Queen’s speech met with caution by FTA

Leading trade body, the Freight Transport Association (FTA) has warned that handing planning decisions over to local councils may jeopardise important improvements to the UK’s transport network.

Reacting to the decentralisation and localism bill announced in the Queen’s speech, Malcolm Bingham, FTA’s Head of Road Network Management Policy,said:

“Although it sounds nice in principle, by giving local councils ultimate authority over planning decisions there is a risk that those tough decisions that need to be made for the good of the country’s strategic transport network as a whole will be pushed to one side.”
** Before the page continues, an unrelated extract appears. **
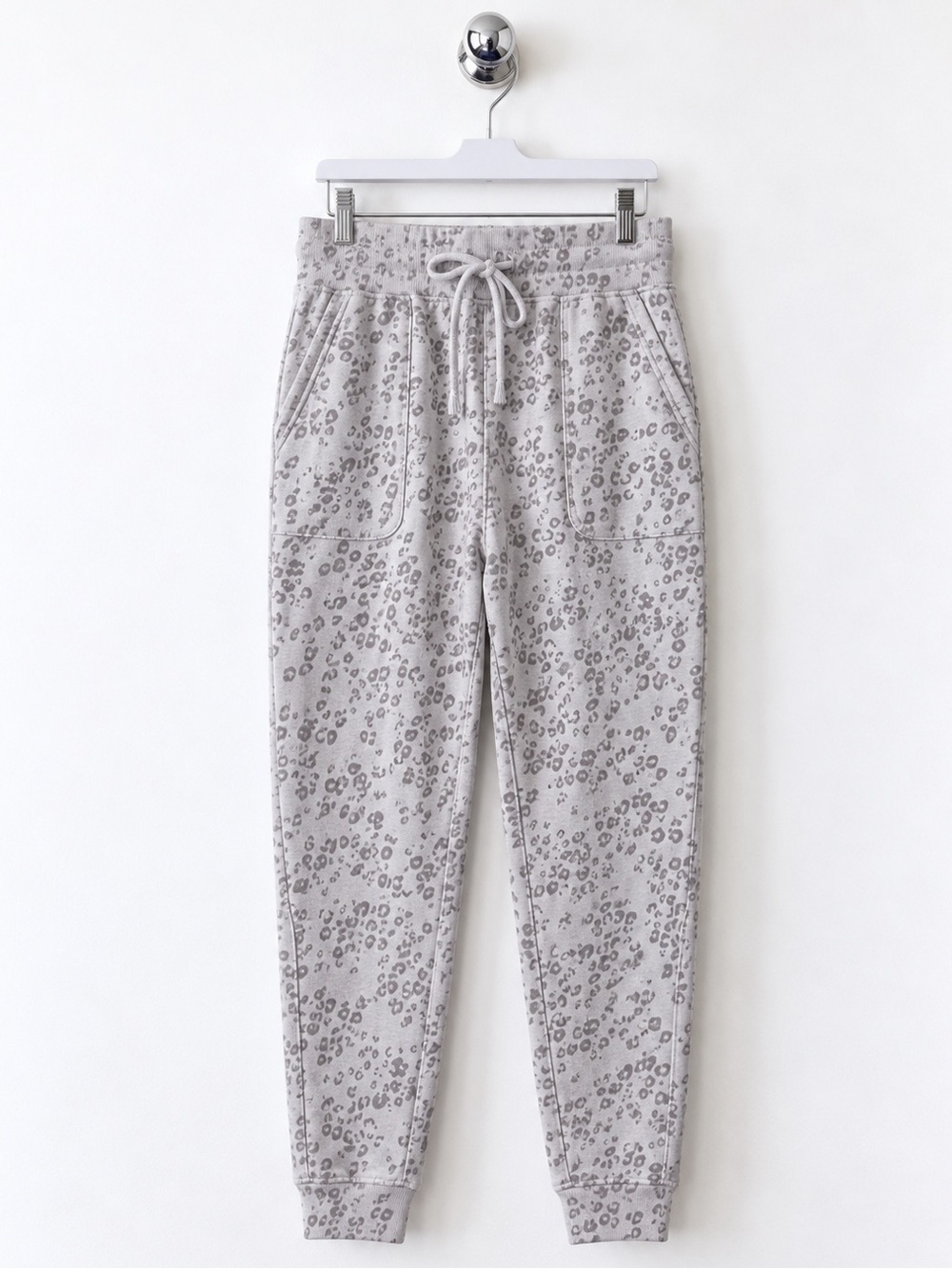 HIPPIE ROSE Fleece leopard print jogger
FTA has long since advocated adequate provision of truck stops where drivers can stop and rest in compliance with their legal requirements. It is feared that potential sites for safe and secure lorry parking may be dismissed by ‘knee jerk’ decisions made at a local level.

Bingham continued:

“Even Whitehall recognises that the current planning process has effectively led to gaps in lorry parking on the Strategic Road Network. A national strategy for the provision of secure and safe roadside facilities will ensure that provision is made in the most appropriate locations.

“There are some very good truck stops in the UK, but not enough along the UK’s road network to provide drivers with the level of safety and the amenities they require. As well as the threat of truck theft from organised criminal gangs it is important to impress on policy makers that well-rested drivers mean safer roads, for all of us.”

If the UK is to reap the environmental benefits of rail freight there needs to be far greater connectivity between road and rail. For this to happen, the granting of planning permission to build rail freight terminals will also require objectivity which may be difficult to achieve at a local level.

Chris MacRae, FTA’s Rail Freight Policy Manager, said:

“Investing in rail is key if the UK is to meet its carbon reduction targets, but if freight is unable to get on and off the network at the right place then this money will be wasted. For this reason it is crucial that the planning system for rail freight terminals is not made any more protracted than it currently is.”